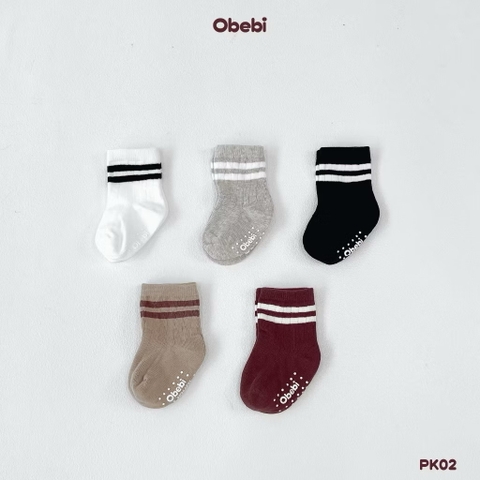 OBEBI - Tất cao cổ phối màu kẻ(S,M,L)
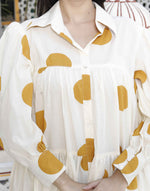 Thumbnail for Miravan Women's Polka Dot Printed Pure Cotton Yellow Loose Fit A-Line Tiered Dress - Distacart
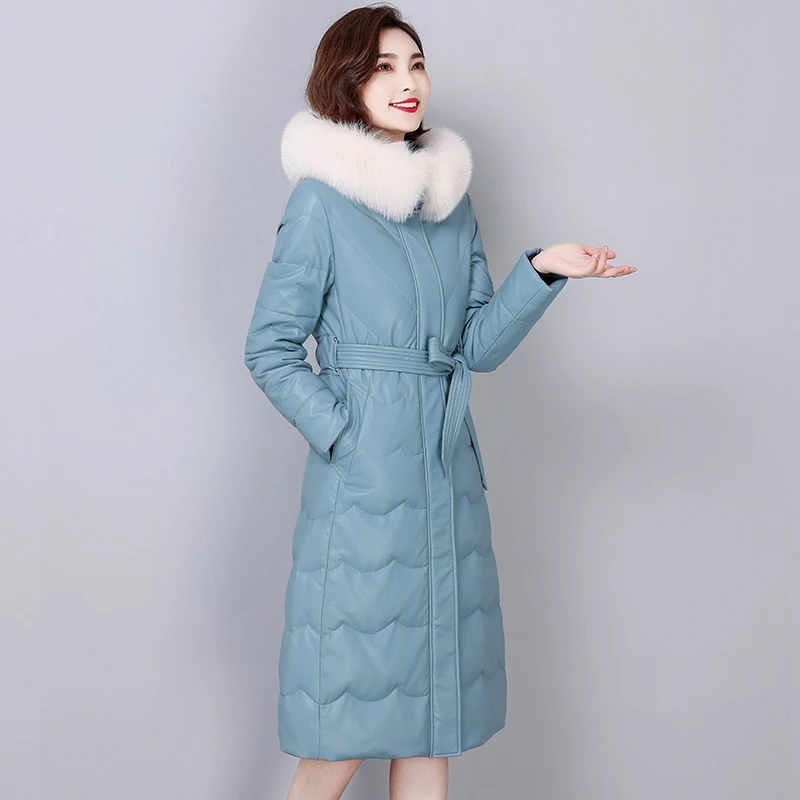 New Women Leather Down Coat 2022 Autumn Winter Thick Warm Fox Fur Collar Butterfly Belt Slim Long Sheepskin Down Jacket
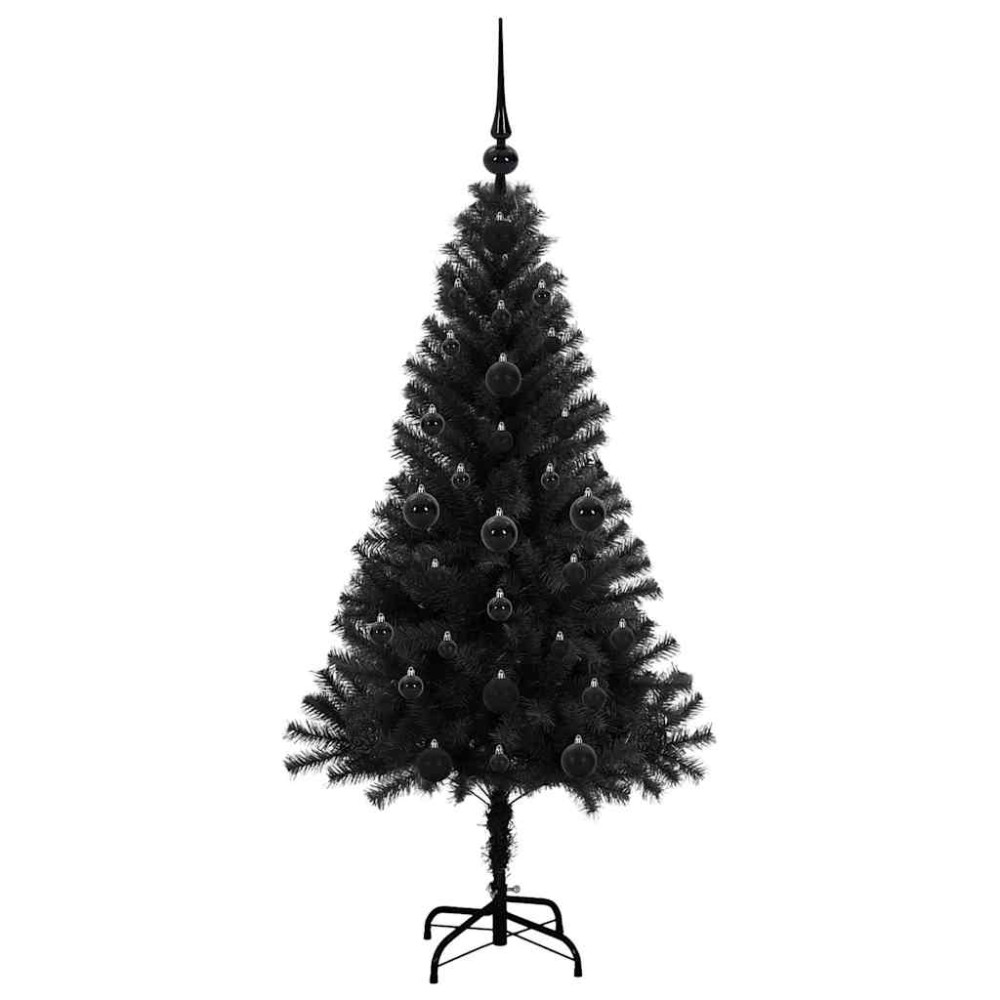 Produktbild för Julgran med 150 LED-lampor med stativ Svart 120 cm PVC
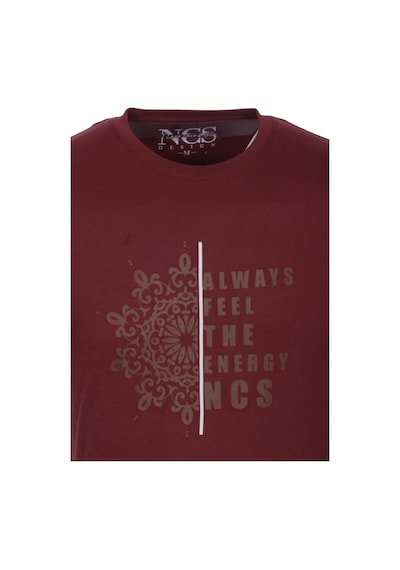 Erkek Tişört Bisiklet Yaka Bordo Slim Fit Desenli T-shirt Ncs Jeans 1203-bordo Bordo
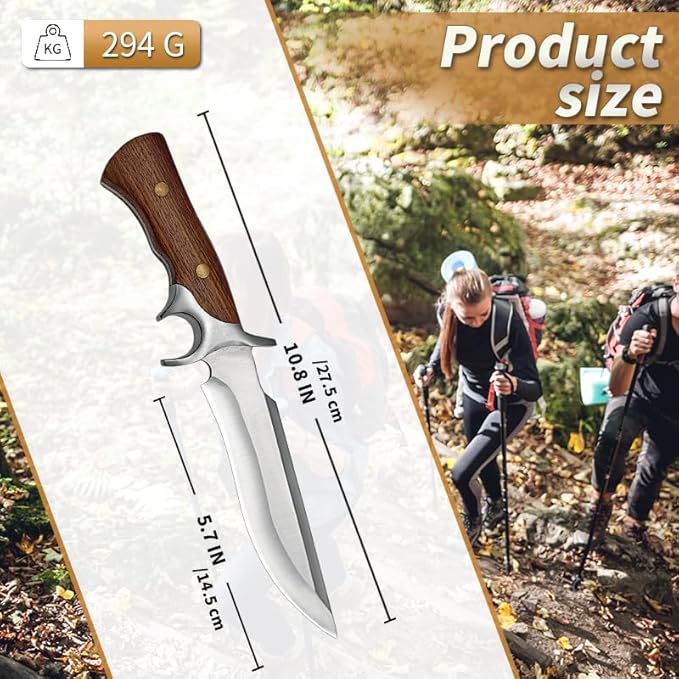 12.2 Fixed Blade Outdoor Knife 9Cr18 Stainless Steel Hunting Knife with Damascus Pattern Ergonomic Wood Handle &amp Embossed Leather Sheath Survival Utility Tool for Camping Hiking &amp Fishing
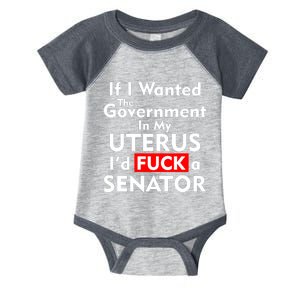 If I Wanted The Government In My Uterus I'd F A Senator Pro Choice Infant Baby Jersey Bodysuit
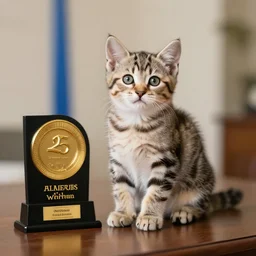 award winning photograph of a kitten sitting on a table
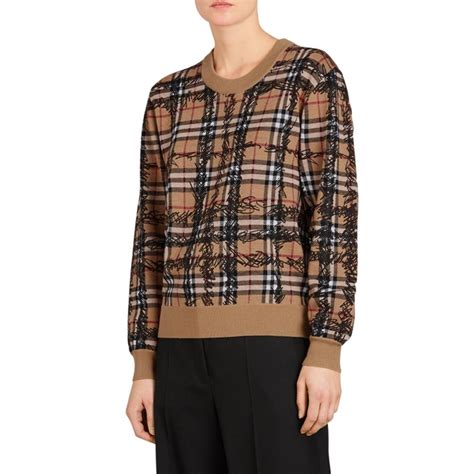 burberry scribble sweater|burberry cashmere check sweater.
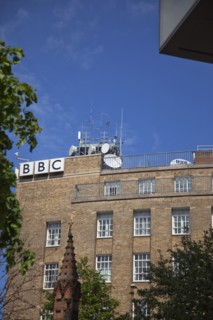 Ireland, North, Belfast, Ormeau Avenue, Exterior of the BBC television and radio with satelite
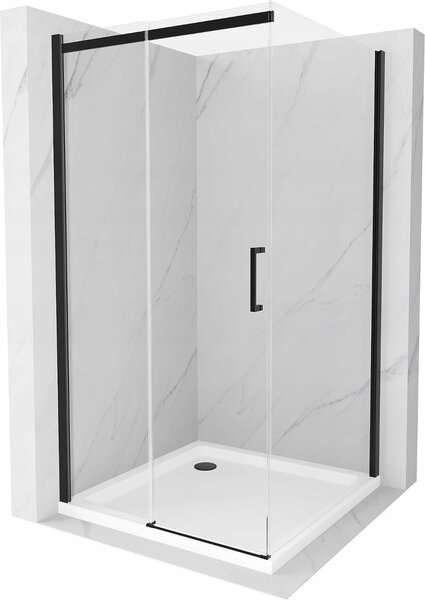 Mexen Omega, tolóajtós zuhanykabin 100 (ajtó) x 100 (fali) cm, 8mm átlátszó üveg, fekete profil + vékony fehér zuhanytálca fekete szifonnal, 825-100-100-70-00-4010B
------------------------------------------------
## WORK INSTRUCTIONS
Beginning with the first line of the records, write out every line up to and including the one with "12.2 Fixed Blade", exactly, and omit all pictures.

## WRITTEN ANSWER
 OBEBI - Tất cao cổ phối màu kẻ(S,M,L)
 Thumbnail for Miravan Women's Polka Dot Printed Pure Cotton Yellow Loose Fit A-Line Tiered Dress - Distacart
 New Women Leather Down Coat 2022 Autumn Winter Thick Warm Fox Fur Collar Butterfly Belt Slim Long Sheepskin Down Jacket
 Produktbild för Julgran med 150 LED-lampor med stativ Svart 120 cm PVC
 Erkek Tişört Bisiklet Yaka Bordo Slim Fit Desenli T-shirt Ncs Jeans 1203-bordo Bordo
 12.2 Fixed Blade Outdoor Knife 9Cr18 Stainless Steel Hunting Knife with Damascus Pattern Ergonomic Wood Handle &amp Embossed Leather Sheath Survival Utility Tool for Camping Hiking &amp Fishing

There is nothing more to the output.